She will be giving away a prize at each stop as well as a grand prize at the end of the tour, so check out her dates and stops here.
I asked her to tell us a little bit about Love Delivery.
"It's a story about two very normal people struggling to find happiness despite the hard-knocks life has thrown their way. Just as they feel they’ve found something special in each other, an evil ex-wife, an adorable child, and custody battles intrude on the path toward love."
Penny told me that it seems she's always been interested in writing. Her father used to make up stories for her at bedtime and then, when she could start to write herself, it was natural to make up her own stories. She spent a lot of time reading and loved being able to be transported to new worlds and exciting places. When she was a senior in high school, she convinced her English teacher that she could write a novel instead of doing her homework assignments.

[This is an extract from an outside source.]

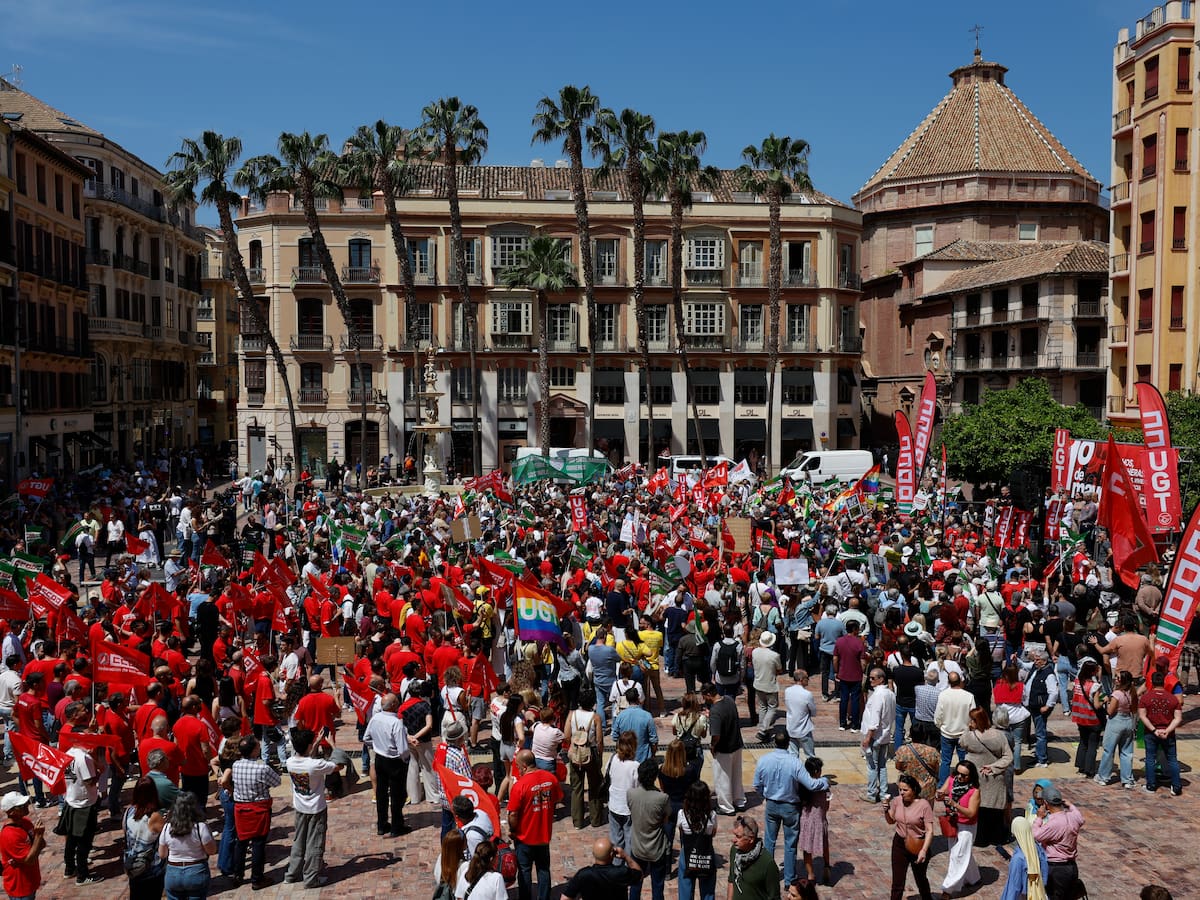 Yolanda Díaz, Montero y Maíllo coinciden este primer día de campaña en Málaga en la celebración central del 1 de mayo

"I never quite finished it," she admitted. "After I graduated, I tried submitting to magazines, but I really didn’t know what I was doing. Back then all the online support available to writers now wasn’t in existence. I was operating in a void with no one to ask how to do things. After a few rejections, I gave up until 1993. At that point, I wrote grants for non-profits and was asked to write a large grant for a large sum of money. I then decided to try again and took a correspondence course with The Children’s Institute of Literature. Shortly after that, I sold my first story, and it’s been ongoing since then."
Penny's daughter was her inspiration for her first book. Penny had been writing short stories and non-fiction articles for several years, but her daughter insisted that Penny wasn't a "real" writer because she hadn't written a book her daughter could hold.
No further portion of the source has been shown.